# Drugstore Brand Lipstick recommendation & swatch request



## snugglebunny (Oct 8, 2007)

Hello Specktra members =)

I signed up for specktra, I'm not sure how long ago, but I'm still pretty new in how this site works.

I posted this up in the Swatch request but no one ever answered me, so I decided to post my own thread right here. I hope I didn't break any rules by posting almost the same post over here :durrr:

And before you start reading on, yes, I have searched so many sites for colors to the point where my head hurts. 
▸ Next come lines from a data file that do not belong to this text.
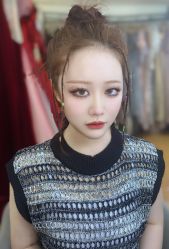点击看大图 -爱伊人婚纱礼服美妆馆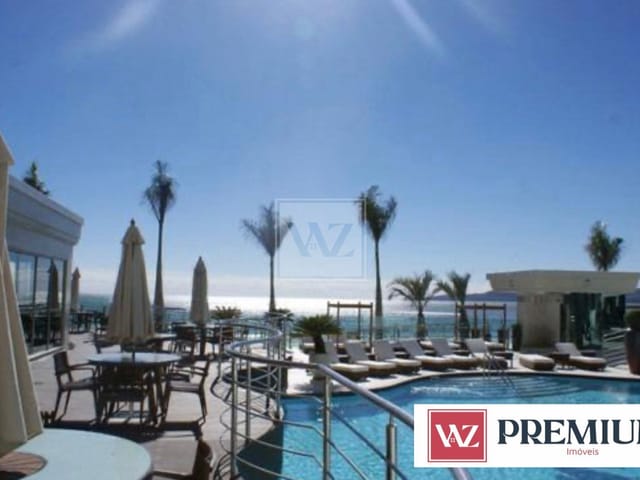 Apartamento com 363m² 4 quartos e 5 banheiros, à venda, no bairro Meia Praia em Itapema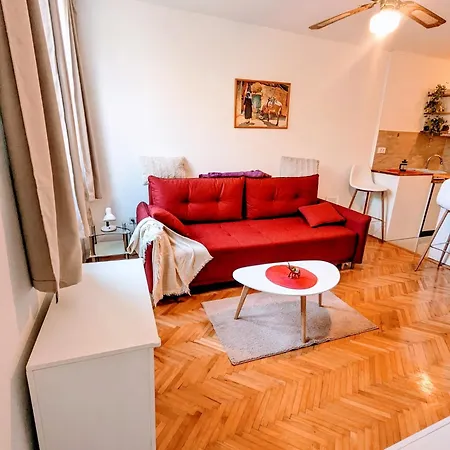 דירה Demass - Cozy, Free Parking And Wifi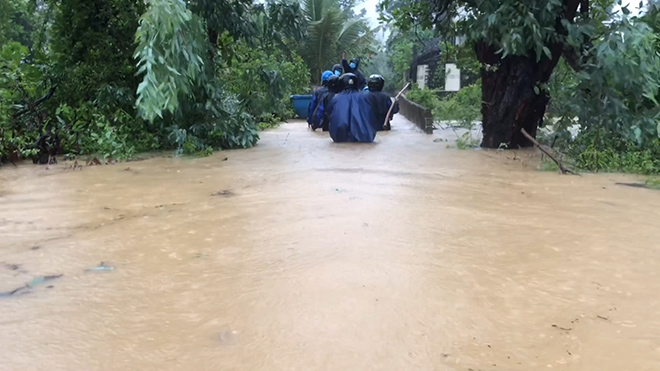 Mưa lớn, nhiều nhà dân ở Quảng Ngãi bị lũ bao vây - 3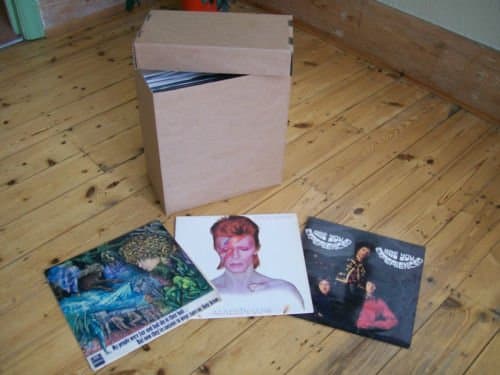 LP +12" SINGLE STORAGE BOX x1 BROWN - super strength- - EACH HOLDS 40-50 RECORDS!
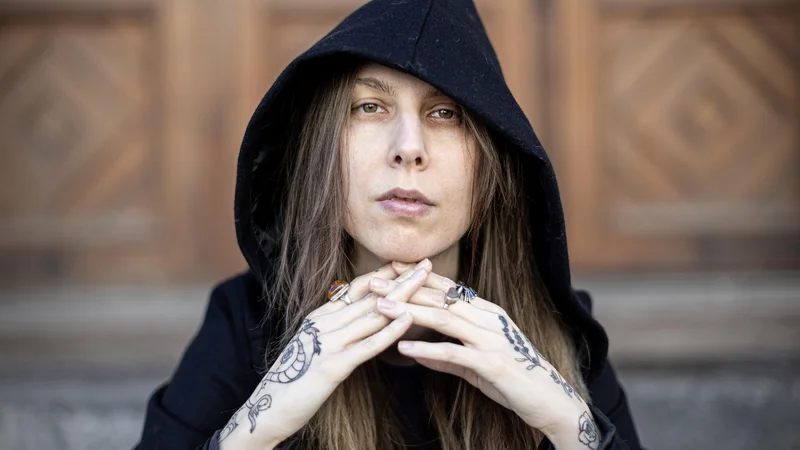 Anja Radaljac: Roman sem začela pisati leta 2018, nastajal je fragmentarno, tako v formi kot načinu, kar pomeni, da ga nisem pisala kontinuirano. FOTO: Leon Vidic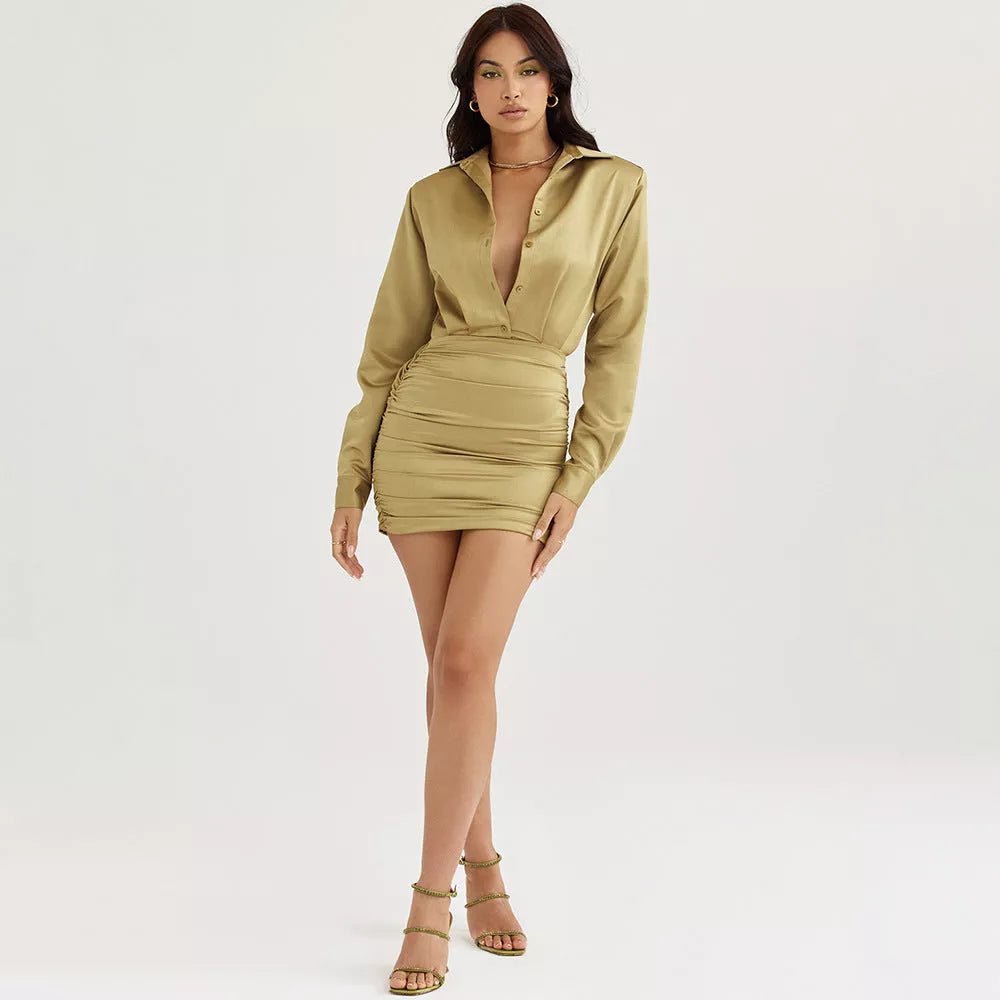 Beautifully Finished Dress in a Timeless Design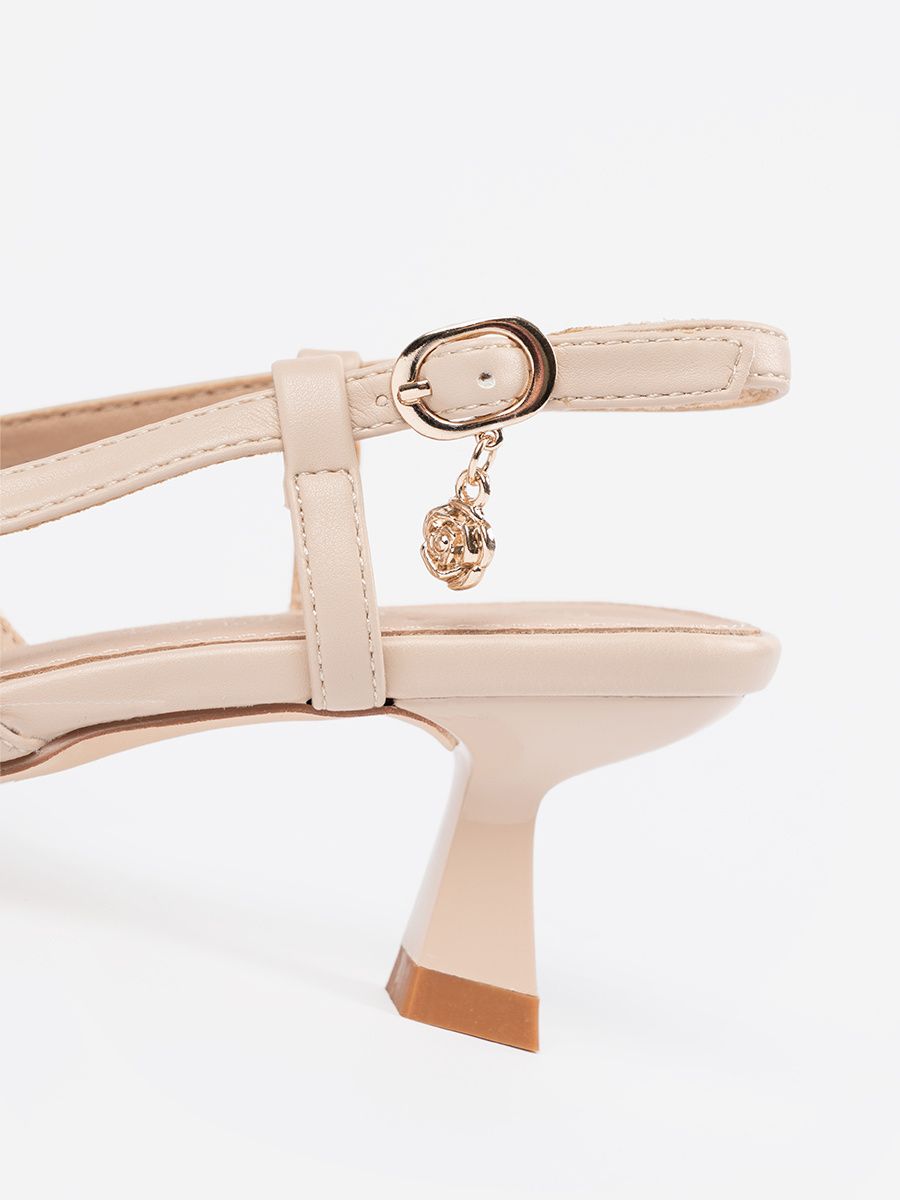 Pumps perforati beige chiaro con tacco basso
I looked on the search part of Specktra and typed in "nude lipstick" and the list goes on. The only color I found nice was the one that MissChievous used in her Smokey Soot thread, but unfortunately L'oreal discontinued that color because it was limited edition. I looked on many other makeup forums and have not found any drugstore recommendations. Everyone is a MAC fan and user, but unfortunately I cannot get my hands on the awesome MAC because I'm still a high school student who cannot break the bank and use her parent's money constantly for something I want, not need.

When surfing the net, I did however find a lovely color Revlon SuperLustrous Pink Afterglow lipgloss on another forum. I would like to see that gloss put on lips though because swatches on arms and on lips make a huge difference. For example, when I first saw a swatch of MAC's Real Doll, I loved the color, but when I saw it on a member's lips, it looked too bright-pink-powerful for me. 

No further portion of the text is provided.